Consider the following trivial example: We have an ensemble of models, each of which provides an output "X" that we are interested in. Let's assume that this set of values is well approximated by the standard Gaussian N(0,1). Now, let's also assume we have a single observation which takes the value 1.5, and which has an associated observational uncertainty of 2. The IPCC-approved method for evaluating the ensemble is to perform a Bayesian inversion on the observation, which in this trivial case will (assuming a uniform prior) result in the "observationally-constrained pdf" for X of N(1.5,2).

It seems that the model ensemble is a bit biased, and substantially too narrow, and therefore does not cover the "full range of uncertainty" according to the observation, right?

No, actually, this inference is dead wrong. Perhaps the most striking and immediate way to convince yourself of this is to note that if this method was valid, then it would not matter what value was observed - so long as it had an observational uncertainty of 2, we would automatically conclude that the ensemble was too narrow and (with some non-negligible probability) did not include the truth. Therefore, we could write down this conclusion without even bothering to make this inaccurate observation at all, just by threatening to do so. And what's worse, the more inaccurate the (hypothetical) observation is, the worse our ensemble will appear to be! I hope it is obvious to all that this state of affairs is nonsensical. An observation cannot cause us to reject the models more strongly as it gets more inaccurate - rather, the limiting case of a worthless observation tells us absolutely nothing at all.

That's all very well as a theoretical point, but it needs a practical application. So we also performed a similar sort of calculation for a more realistic scenario, more directly comparable to the IPCC situation. Using a simple energy balance model (actually the two-box model discussed by Isaac Held

here, which dates at least to Gregory if not before), we used surface air temperature rise and ocean heat uptake as constraints on sensitivity and the ocean heat uptake efficiency parameter. The following fig shows the results of this, along with an ensemble of models (blue dots) which are intended to roughly represent the CMIP3 ensemble (in that they have a similar range of equilibrium sensitivity, ocean heat uptake efficiency, and transient climate sensitivity).

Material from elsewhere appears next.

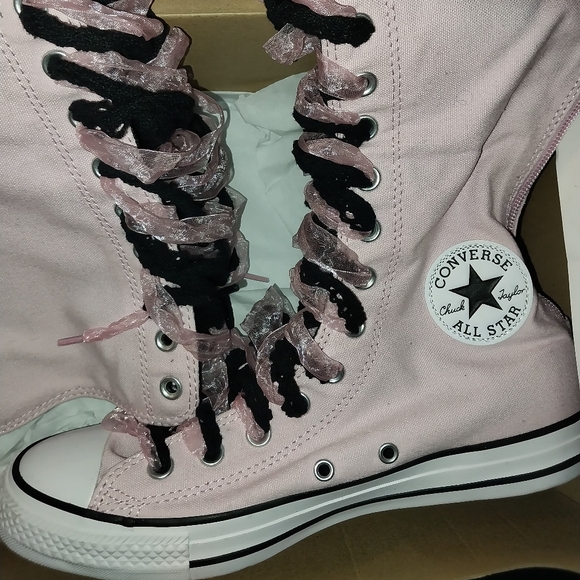 New Summit Pink Converse XXHI With Ribbon Laces - Picture 4 of 8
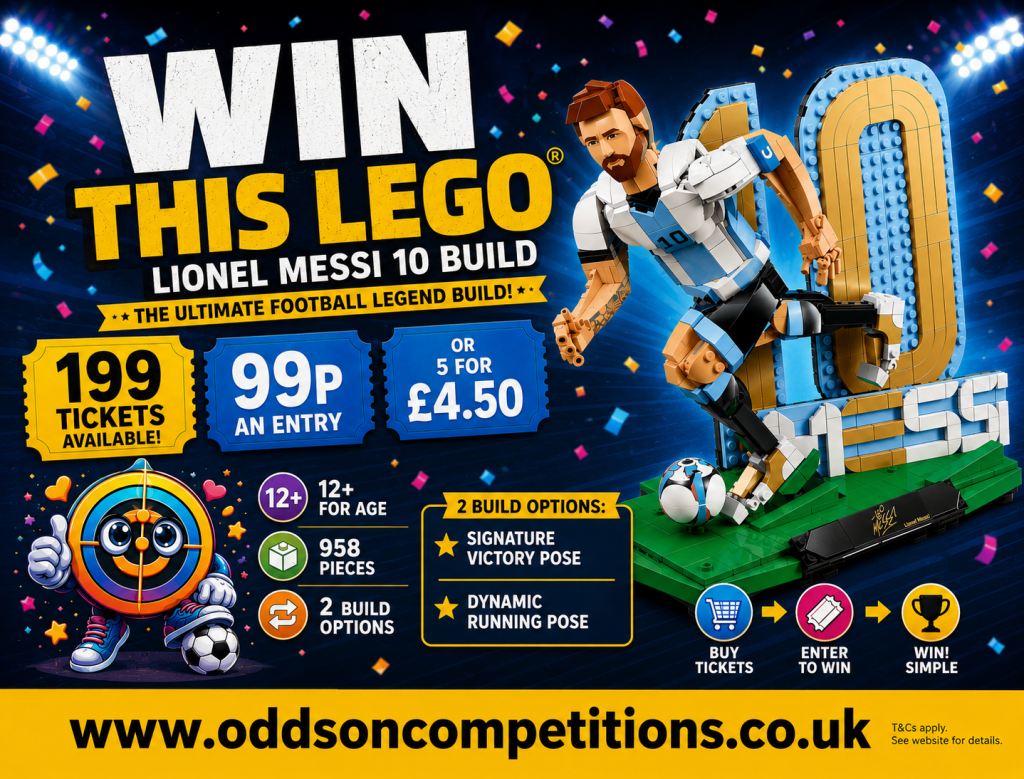 🏆 WIN THE LEGO® LIONEL MESSI 10 BUILD! ⚽🧱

The qualitative similarity of this figure to several outputs of the Forest, Sokolov et al group is not entirely coincidental, and it should be clear that if we integrate out the ocean heat uptake efficiency, the marginal distributions for sensitivity (of the Bayesian estimate, and "CMIP3" ensemble) will be qualitatively similar to those in the IPCC figure, with the Bayesian pdf of course having a greater spread than the "CMIP3" proxy ensemble. Just as in the trivial Gaussian case above, we can check that this will remain true irrespective of the actual value of the observations made. Thus, we have another case where it may seem intuitively reasonable to state that the ensemble "may not represent the full range of uncertainty", but in fact it is clear that this conclusion could, if valid, be stated without the need to trouble ourselves by actually making any observations. Therefore, it can hardly be claimed that this result was due to the observations actually indicating any problem with the ensemble.

So let's have another look at what is going on.

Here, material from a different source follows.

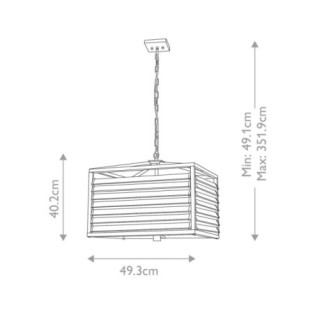 Lámpara de techo Louvre (6 luces)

The belief that the posterior pdf correctly represents the researchers' views, depends on the prior also correctly representing their prior views. But in this case, the low confidence in the models is imposed at the outset, and is not something generated by the observations. In the trivial Gaussian case, the models represent the prior belief that X should (with 90% probability) lie in [-1.64,1.64], but a uniform prior on [-10,10] only assigns 16% probability to this range. The posterior probability of this range, once we update with the observation 1.5±2, has actually tripled to 47%. Similarly, in the energy balance example, the prior we used only assigns 28% probability to the 90% spread of the models, and this probability doubles to 56% in the posterior. So the correct interpretation of the results is not that the observations have shown up any limitation in the model ensemble, but rather, that if one starts out with a strong prior presumption that the models are unlikely to be right, then although the observations actually substantially increase our faith in the models, they are not sufficient to persuade us to be highly confident in them.

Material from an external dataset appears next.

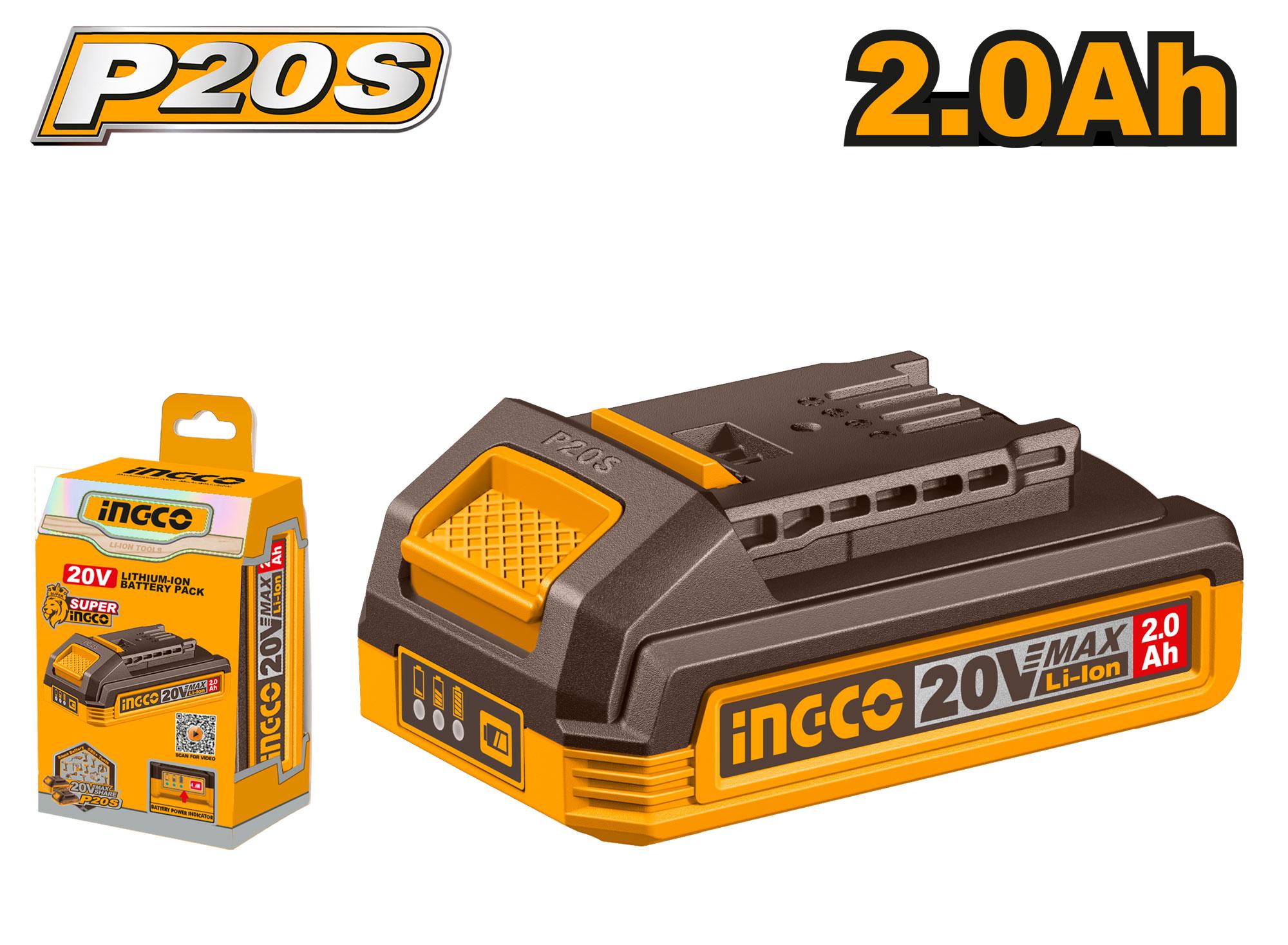 Ingco Lithium-Ion battery pack 20V FBLI2001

Fortunately, there is an alternative way of looking at things, which is to see how well the ensemble (or more generally, probabilistic prediction) actually predicted the observation. This is not new, of course - quite the reverse, it is surely how most people have always evaluated predictions. There is a minor detail which is important to be aware of, which is that if the observation is inaccurate, then we must generate a prediction of the observation, rather than the truth, in order for the evaluation to be fair. (Without this detail, a mismatch between prediction and observation may be due to observational error, and it would be incorrect to interpret this as a predictive failure). One important benefit of this "forward" procedure is that it takes place entirely in observation-space, so we don't need to presume any direct correspondence between the internal parameters of the model, and the real world. It also eliminates the need to perform any difficult inversions of observational procedures.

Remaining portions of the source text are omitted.